Anders als bei der Regelung zu den Trägermedien in § 12 JuSchG wird bei dem Verkauf von hochprozentigem Alkohol nicht explizit auf den Versandhandel abgestellt. Das Landgericht (LG) Koblenz entschied daher, dass ein Online-Verkauf von Alkohol im Internet ohne jegliche Kontrollpflichten hinsichtlich des Alters des Käufers für den Händler möglich sei (Beschluss vom 13.08.2007, 4 HK O 120/07). Das Gericht begründet seine Auffassung damit, dass das Abgabeverbot in § 9 Abs. 1 JuSchG nicht ausdrücklich auf den Versandhandel verweist. Zudem könne der Verkauf und Versand von Alkohol nicht als „sonst in der Öffentlichkeit“ im Sinne des § 9 Abs. 1 JuSchG eingestuft werden.
Das Urteil erfährt jedoch zurecht Kritik in der Literatur (Liesching in MMR 2007, 725). Der Autor kritisiert, dass nach Auffassung des LG Koblenz der Versand von Alkohol an Kinder und Jugendliche unbeschränkt möglich sei. Weiter vertritt der Autor die Ansicht, dass der Internetversand von Alkohol in der Öffentlichkeit stattfinde und damit als „sonst in der Öffentlichkeit“ im Sinne der gesetzlichen Vorschrift erfolge. Auch das Bundesministerium für Familie, Senioren, Frauen und Jugend hat sich dieser Ansicht angeschlossen. So vertritt es in seiner das Jugendschutzrecht erläuternden Broschüre die Meinung, dass der Verkauf von Alkohol der Vorschrift des § 9 JuSchG unterfalle. Begründet wird dies damit, dass das Merkmal „in der Öffentlichkeit“ auch bei der Zustellung im öffentlichen Raum gegeben sei.
Wer auf der sicheren Seite sein will, sollte daher auch beim Versand von branntweinhaltigen Getränken eine Altersprüfung durchführen.
c. Altersprüfung bei Tabakwaren und E-Zigaretten
Auch die alte Regelung im Jugendschutzrecht zum Verkauf von Tabakwaren stellte nicht ausdrücklich auf den Versandhandel ab.
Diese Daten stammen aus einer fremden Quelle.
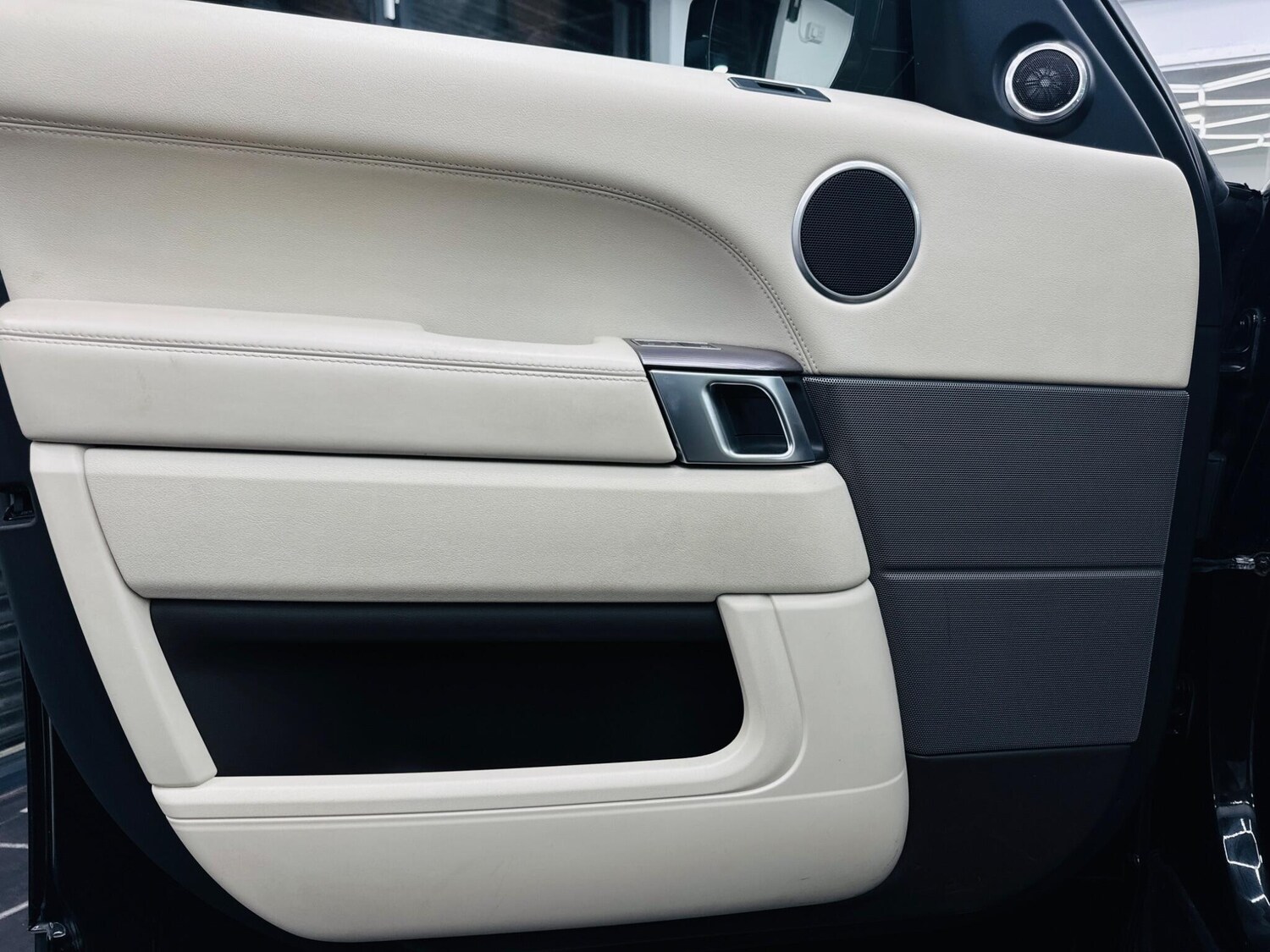 Used Land Rover Range Rover Sport 2017 for sale - 77831682: Photo 40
Zudem war der Verkauf von nikotinfreien E-Zigaretten und Shishas an Kinder und Jugendliche nicht ausdrücklich verboten. Diese rechtlichen Lücken wurden durch das am 01.04.2016 in Kraft getretene „Gesetz zum Schutz von Kindern und Jugendlichen vor den Gefahren des Konsums von elektronischen Zigaretten und elektronischen Shishas“ geschlossen. Der neue §10 JuSchG stellt nun ausdrücklich klar, dass „Tabakwaren und andere nikotinhaltige Erzeugnisse und deren Behältnisse […] Kindern und Jugendlichen weder im Versandhandel angeboten noch an Kinder und Jugendliche im Wege des Versandhandels abgegeben werden“ dürfen. Das Abgabeverbot an Minderjährige erstreckt sich damit ausdrücklich auch auf den Versandhandel.
d. Wie sollte die Altersprüfung erfolgen?
Nachdem geklärt wurde, in welchen Fällen eine Altersprüfung rechtlich zulässig ist, stellen sich zwei Fragen: Erstens, wie die Altersprüfung zu erfolgen hat und zweitens, ob die obligatorische Abfrage des Alters im Bestellprozess ausreichend ist.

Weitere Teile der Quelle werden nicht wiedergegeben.